Seirath only laughed. His smile cracked wider until it looked unnatural. "Delightful. Such fire, for a boy still learning to burn. Tell me—did you truly believe the fragment at Pearlbay woke by chance?"

He moved sideways, hand brushing a lantern that hung from a bent post. His fingers pale, deliberate pressed against the glass. The lantern light blinked, then died.

Rael's pulse hammered. His voice cut the air, sharp. "What do you know?"

Seirath leaned in, his voice thinning into a whisper meant for conspirators. "Everything and nothing. Only children of the old myths have strength enough to crack the old locks. Someone opened the cave. Someone let Thal'ryx breathe again." His eyes gleamed like knives. "You fought well against it. Did it feel… satisfying?"

The word struck harder than a blade. Satisfaction? That battle had not been triumph; it had been loss. It had been blood in the waves and bodies dragged ashore. His knuckles whitened on the hilt.

Seraphis' voice rippled through him, calm and sharp. (Do not let hatred blind you. Pain is a tool; vengeance is a trap.)

Rael swallowed the fury rising in his throat, forcing himself steady. "Who opened the seal?" His voice was quieter now, but sharper, a knife honed instead of swung. The blade's light braided with Seraphis' sigils, tracing truths he could not yet name.

For the first time, Seirath's smirk shifted into something colder. Pity. "Not my concern. I am but a shadow. I plant whispers; others wrench the gears. But you…" He stepped along the edge of the training ground, his feet never disturbing the sand. "You are useful. You bleed wonder as others bleed blood. I came to see the bloom."

The mockery struck deep. Rael's jaw clenched until his teeth ached. "If you had a hand in this… I will find you. I will unmake everything your kind builds."

Seirath's smile fell away like a mask. His eyes, sharp as broken glass, fixed on Rael with sudden cold. He stepped backward, body unraveling into haze, less flesh than memory.

"Find me?" His laugh slipped into the air, smooth and oily. "I am where the wind forgets names. I am your brother in blood and better at forgetting. Come. Hunt me. Let us see what you become."

The world cracked.

Seirath's body shattered like a page torn from a book, scattering into fragments of light and shadow. For a heartbeat, Rael glimpsed beneath the white façade ink crawling across Seirath's palm, a black sigil that slithered like ivy before vanishing.

Then it was gone.

From the northern cliffs, a bell tolled. The elders' warning. The sound rang out over the sea, deep and resonant, calling the village to arms.

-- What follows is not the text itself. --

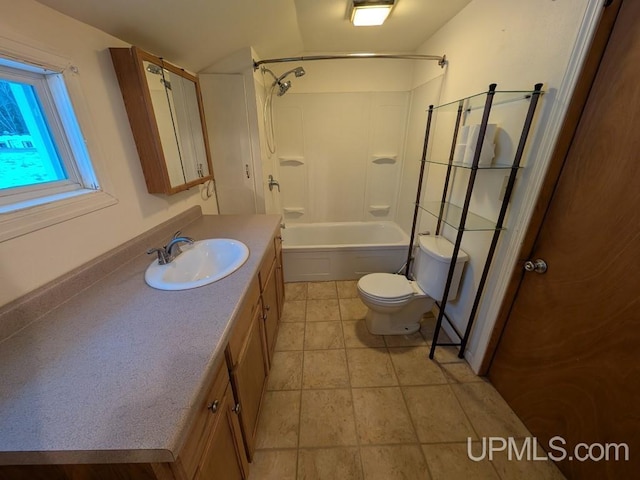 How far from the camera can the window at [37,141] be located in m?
0.84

Rael spun, blade raised. The training ground was empty. Only the echo of his breath remained. Where Seirath had stood, the sand was untouched save for one thing.

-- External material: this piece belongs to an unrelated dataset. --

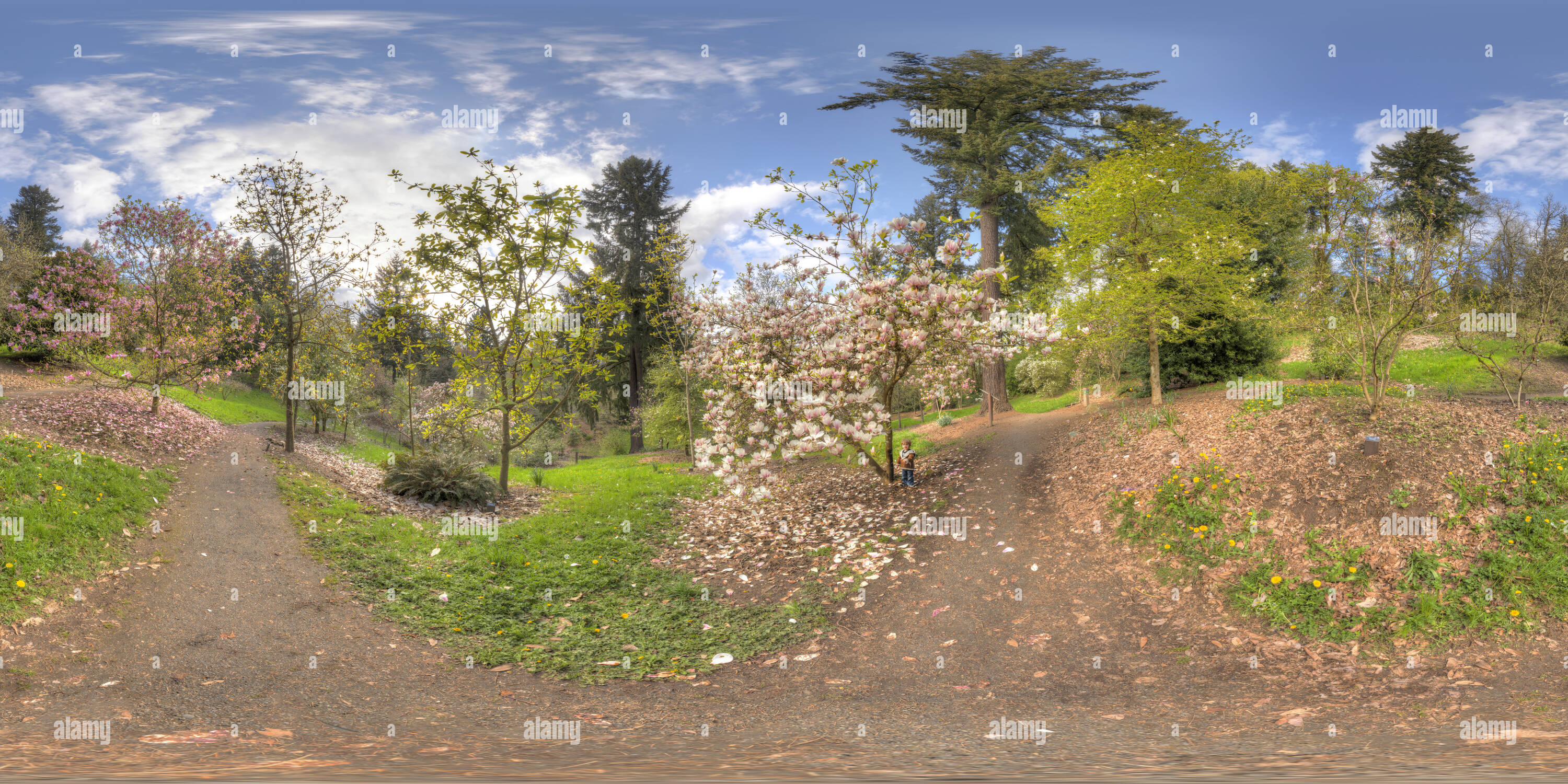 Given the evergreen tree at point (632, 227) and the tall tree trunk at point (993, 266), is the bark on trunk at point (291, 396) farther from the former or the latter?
the tall tree trunk at point (993, 266)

A scrap of cloth. It fluttered in the wind, half-buried in salt. Upon it rested a shard of dark crystal, sharp as ice and cold as forgotten winter.

Rael bent, lifting it. The shard hummed faintly in his palm, its cold pressing into bone. His hand trembled not from fear, but from the weight of realization.

Seraphis' thought cut through, precise. (He left it deliberately. Not as bait. As announcement.)

Rael closed his eyes, his breath steadying. The smolder in his chest burned hotter, no longer wild grief but tempered resolve. He opened his eyes, and his voice came low, iron-carved. "So be it."

He turned to the sea. In the distance, he saw Khael pulling children from wreckage, Kaen lifting beams with raw strength, Juno binding wounds with scarred hands, Lira pouring the last of her light into the injured. Pearlbay lived because of them.

Rael raised the shard high, its cold hum cutting against the warmth of the sun. "I will not let you hurt them again." His words were not to Seirath now, but to the path ahead, to the vow carved into his blood.

From the shadow of a broken pier across the cove, a silhouette lingered Seirath's reflection, or perhaps another illusion. He lifted his chin, mock salute, before folding into a dozen afterimages.

His voice drifted across the tide, carried thin by gulls and salt. "Then hunt, brother. The game has only just begun."